- Document delivery service (DDS) or document supply service “refers to the physical or electronic delivery of a document from a library collection to the residence or place of business of a library user, upon request.”
- The steps to be followed in providing DDS are: receipt and analysis of demand, identification and location of required document, procurement of document, copying the required portion of the document, if required, and delivering the original/copy of the required portion of the document to the user.
- Various media are employed for document delivery, such as delivery from circulation desk within the library, or at the user’s doorstep by messenger or by post/courier, transmission through fax, delivery of document recorded on CD/DVD, transmission of soft copy through intranet or as e-mail attachment.
- Inter-library lending has been the earliest method used for document delivery. This system is still prevalent in many countries.
- With the advent of various reprographic techniques, it has now become possible to supply photocopies of required portions of documents.
- Mainly xerography is now being used for preparing photocopies of documents.
- When a copy of any document or a portion of a document is supplied to the user it involves legal issue.

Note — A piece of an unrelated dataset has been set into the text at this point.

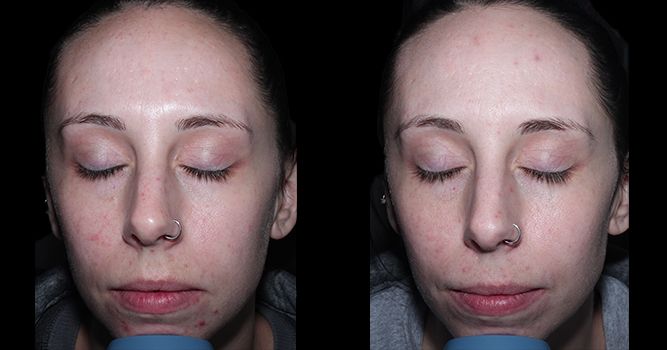 Two frontal facial views, likely before and after skincare, showing skin improvement.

- Many countries have made provision in their copyright laws to allow copying in a limited way for “fair use” by scholars and researchers.
- A library/information professional does the liaison work in DDS.
- The most popular DDS provider, at international level is perhaps the British Library Document Supply Centre (BLDSC, earlier known as BLLD and now re-launched as British Library on Demand). There are also now private organizations which provide this service.